Qualifying for a Condo Mortgage

To purchase a condo, it is not only you that needs to be approved as a buyer, but the condo also needs to be approved by your lender. For example, this means that a condominium building - and all condo documents - will require FHA approval if you are using an FHA loan. Other lenders, including VA, Fannie Mae and Freddie Mac, have their own requirements that must be met before a condo mortgage to be approved.

Some lenders will not finance the purchase of a condo under any circumstances.

Considerations will differ between lenders, and will include the percentage of restaurants and stores in the building, the percentage of investor-owned versus owner-occupied units in the building, and HOA reserve and insurance.

Condo loans may also require larger down payments and higher interest rates than loans for townhouses.
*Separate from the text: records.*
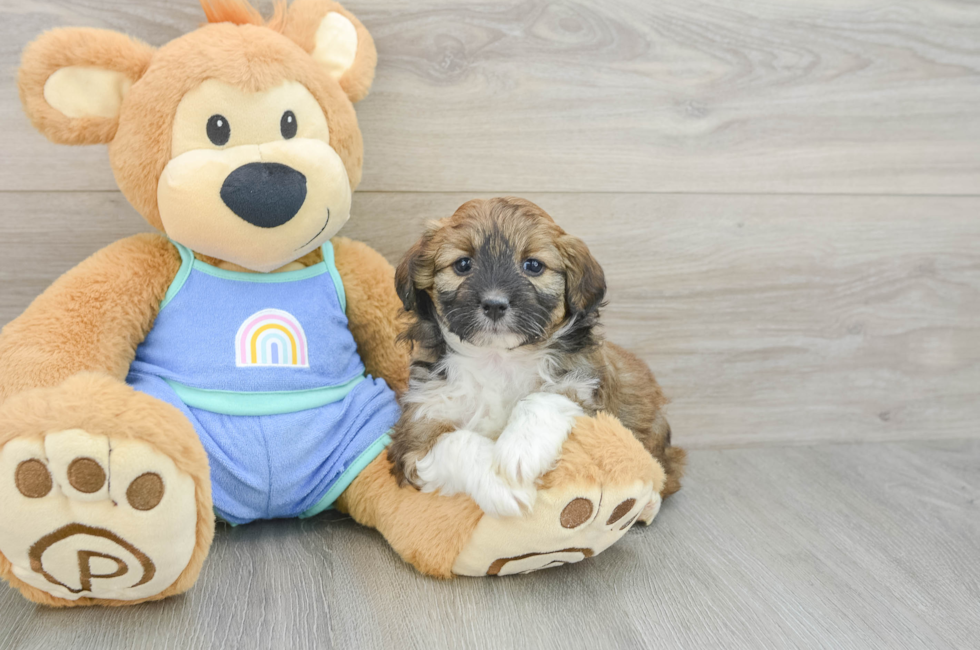 5 week old Mini Aussiedoodle Puppy For Sale - Lone Star Pups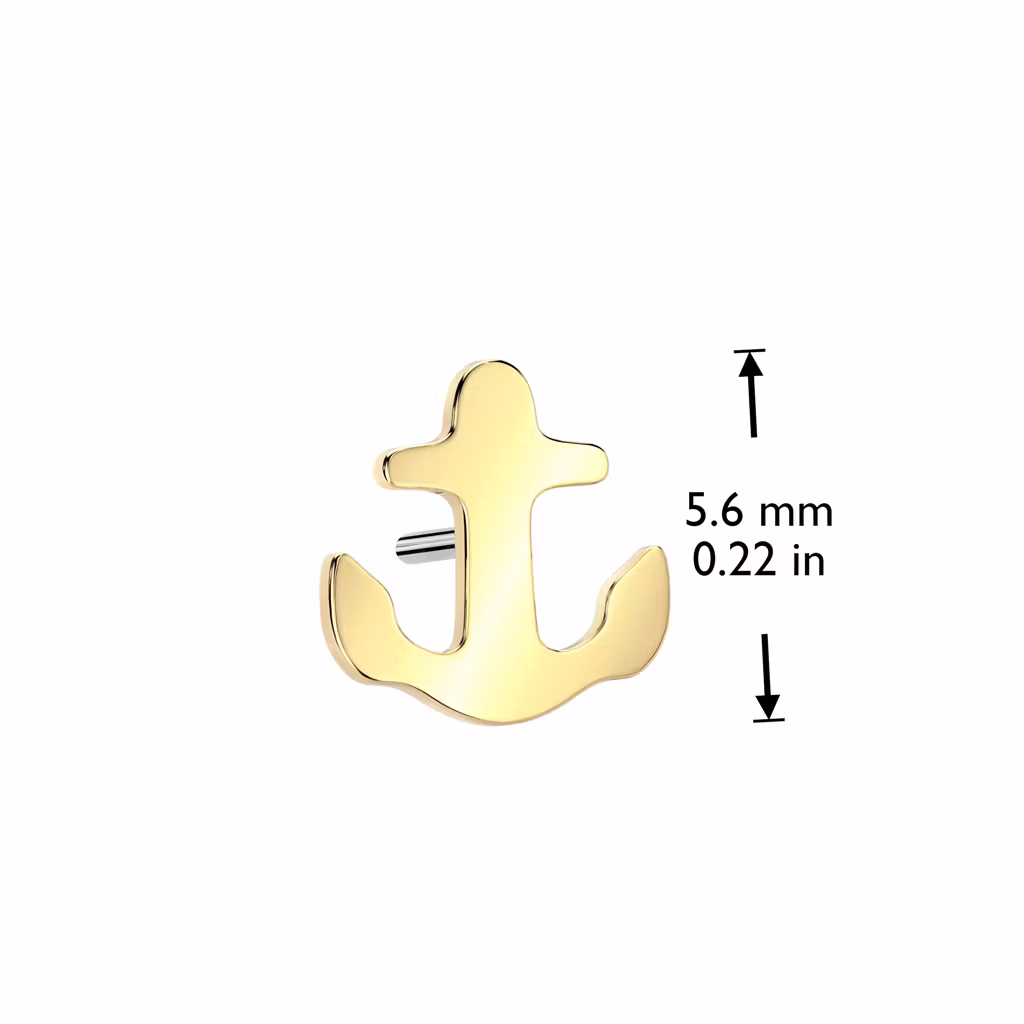 Threadless topp i titanium - Ankare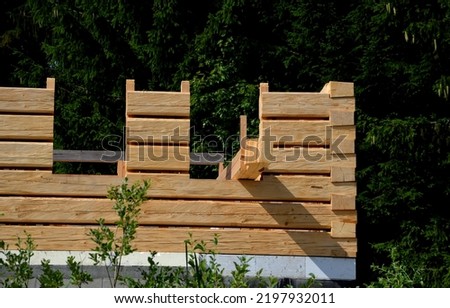 a carpenter built a log cabin with rough hewn beams. wood planing was not done before. authentic craftsmanship wooden log cabin. mortises for placing roof beams. gouging wood, ax, cut, pull strap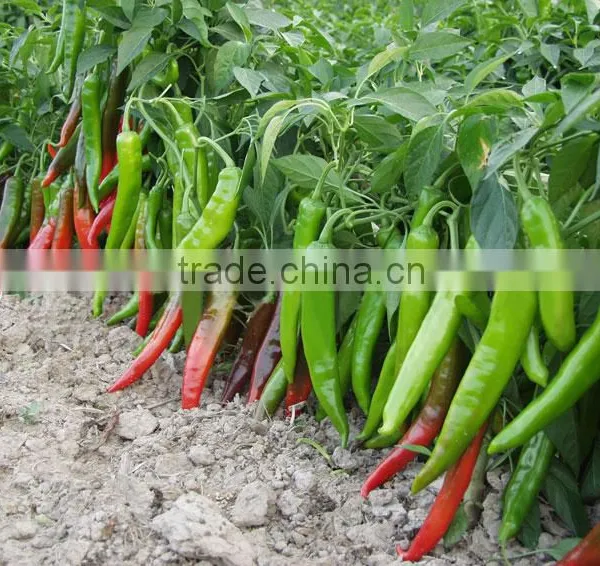 Hot Sale Hybrid High Yield Chili Pepper Seeds-FK21 photo-3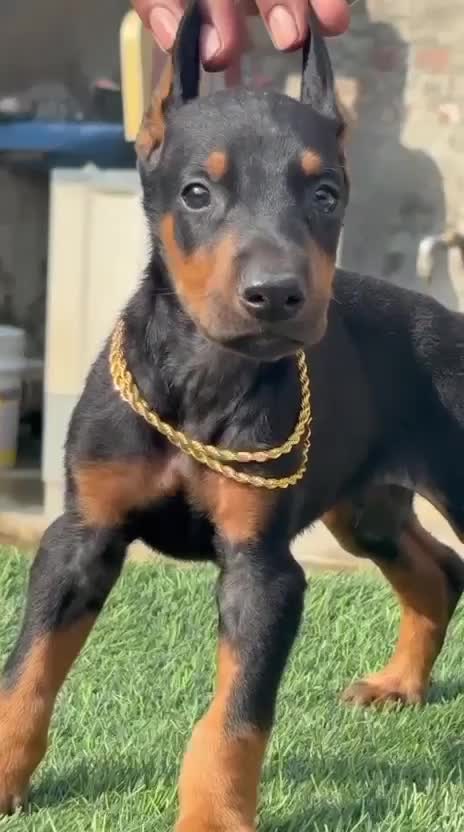 European Doberman Puppy, farm video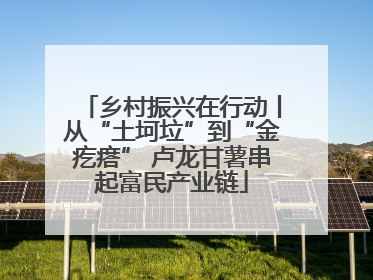 乡村振兴在行动丨从“土坷垃”到“金疙瘩” 卢龙甘薯串起富民产业链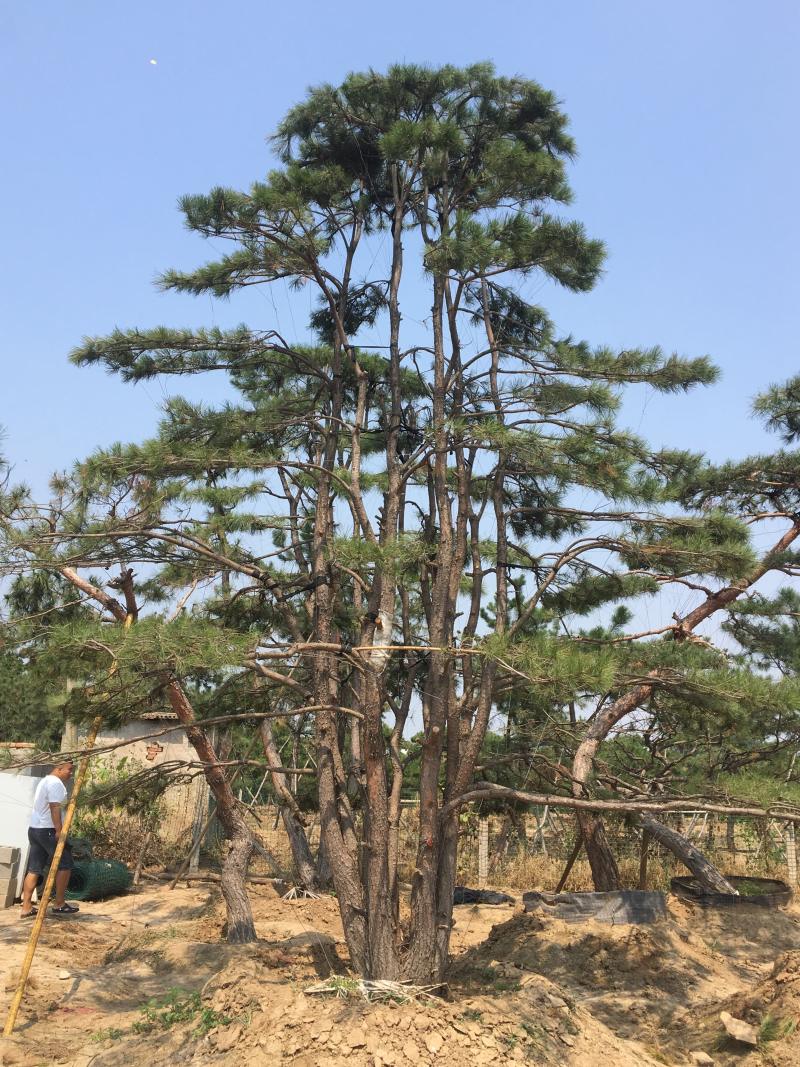 造型赤松，油松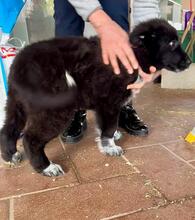 ALICE, Hund, Mischlingshund in Gyhum - Bild 14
The primary issue with a condo loan, in the eyes of a lender, is that other unit owners may default on HOA dues, which puts building maintenance in a precarious position, which in turn affects the value of each unit.

Condominiums are often maintained in a pre-approval list by lenders, which reflect up-to-date reviews of condo documents, HOA reserves, and certificates of insurance. A unit in a condo building that is included on a pre-approved list will be faster to obtain a mortgage on.

Townhouses Are Less Complicated to Finance than Condos

Because a buyer owns the dirt that a townhome sits on, purchasing one is more similar to purchasing a single family home than a condo. Like a condo, a townhouse must be appraised and pass inspections for final loan approval.

Terms for mortgages on townhouses are often the same as for single family homes, or duplexes. The primary difference is that HOA documents, reserve, and insurance will be reviewed on a townhome purchase.